Bear with me now and consider an illustration from our text. Though some translations fail to translate the Greek word as “image”, yet that is precisely the word used in this account when Jesus asks, “Whose image and inscription is this?” “Image” is a word used in Scripture to convey great depth of meaning. It was the word used to describe that perfect humanity possessed by Adam when the world still had its pristine purity. Adam was made in the image of God. When Adam then sinned, the image was lost. One could look at every human being on the planet from Adam onward and find no one demonstrating possession of the image of God.

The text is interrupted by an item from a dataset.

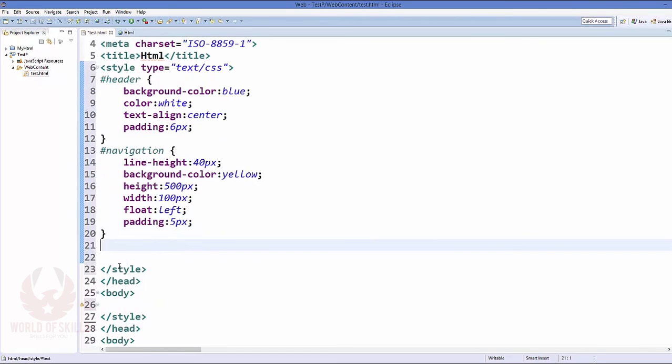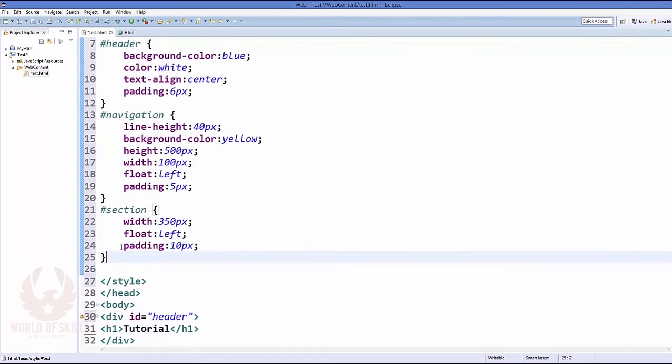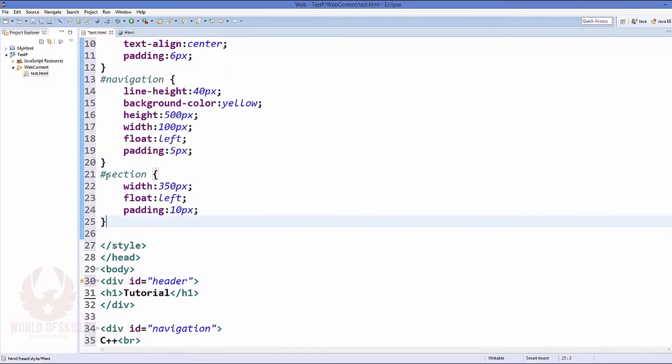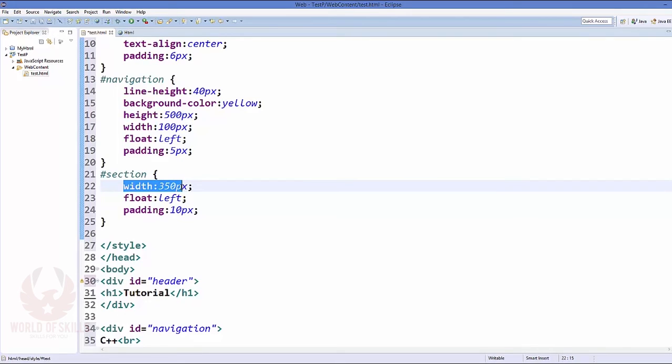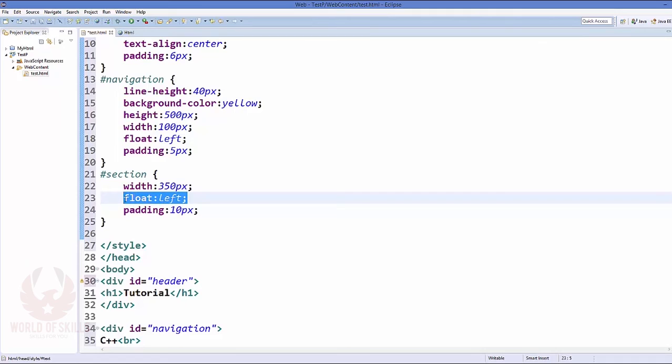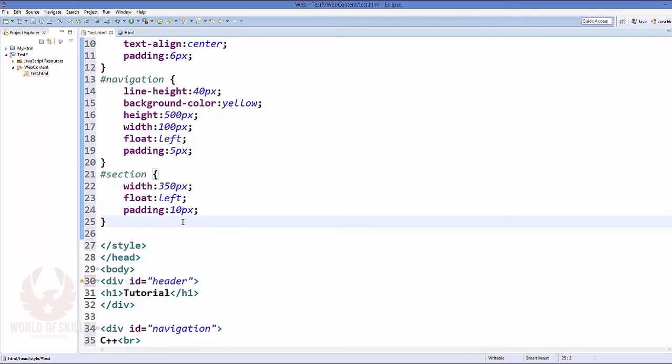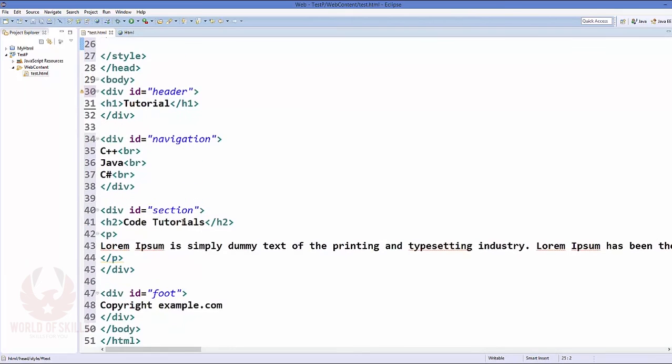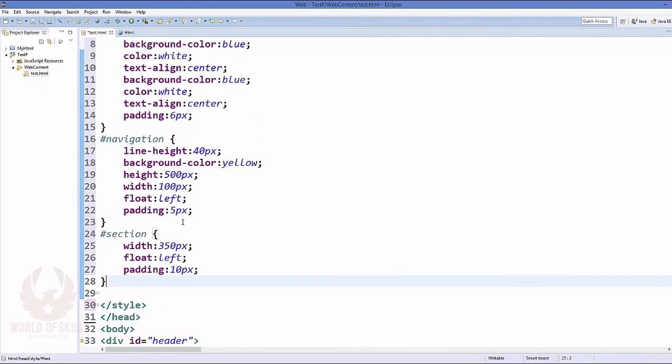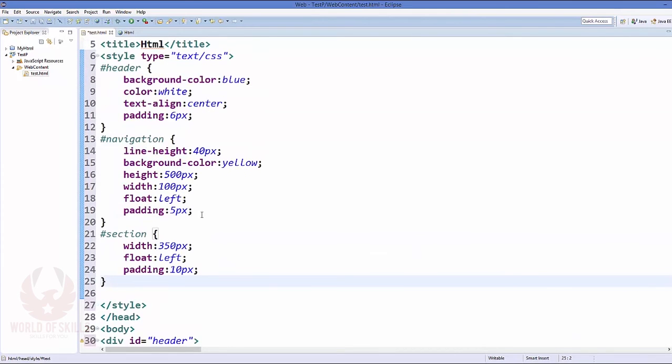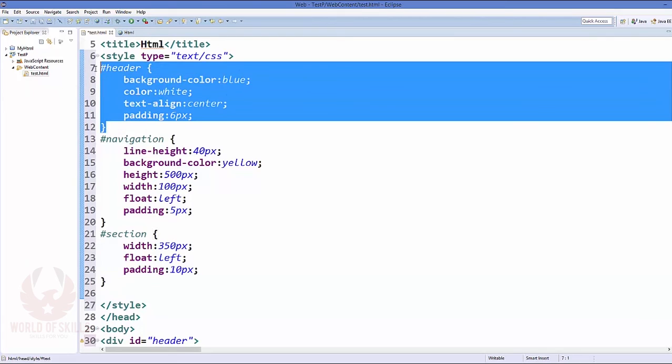Now let's add the style for our section ID. So for this section let's add the style. So just add this style here, that's hash section, and inside that curly braces just add the width which I have given is equal to 350 pixel. And this section is also floating to the left, and padding is equal to 10 pixel here.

But now there stands in front of the Pharisees the man who once again possesses the image of God. Jesus has God’s image from two perspectives: First He is the eternal Son of God, having been stamped with the Father’s image from eternity. Second He is the man who when one sees Him living as a man, one beholds the perfect man, the man without sin, the man whose will perfectly aligns with God’s will. Beholding Jesus one beholds the New Adam who, like the first Adam, is in the image of God.
Jesus is like the perfect coin, stamped with the image of God, and the inscription beneath the image declares, “This my beloved Son.” Now we can hear the voice of the Father commanding, “Render unto Caesar that which is Caesar’s and unto God that which is God’s.” The “coin”, Jesus Christ, will make the payment. Jesus is both the spender and the coin, even as He is both priest and sacrifice.
After a trial handled by the Roman ruler named Pontius Pilate, the people cried out, “Crucify Him.” They were in effect saying, “Make Him pay the price of claiming to be a king who competes with Caesar.” Indeed, “Render unto Caesar that which is Caesar’s.” The coin is to be spent; Jesus must die by the hand of Caesar, He must be crucified under Roman law.
Being in God’s image as both God and man, this Jesus is without sin, perfectly obedient to His heavenly Father. But now the Father makes Him who knew no sin to be sin for us. This Second Adam is being commanded to pay the price of mankind’s sins. He is being told by His Father to render unto God that which is God’s. So the Son obeys. This coin perfectly stamped with the image of God is spent to pay for mankind’s sins.
Now this perfect coin, because He willingly rendered unto Caesar that which is Caesar’s and unto God that which is God’s, has paid the price of our redemption. And what is the result? We become the righteousness of God in Him, for He rises from the dead for our justification. Or to state it differently, in Christ we have the image of God restored. Now in our Baptism God has declared us again to be in His image, and the inscription upon us says, “This is my beloved son.” This is Christ’s blood-bought gift for us.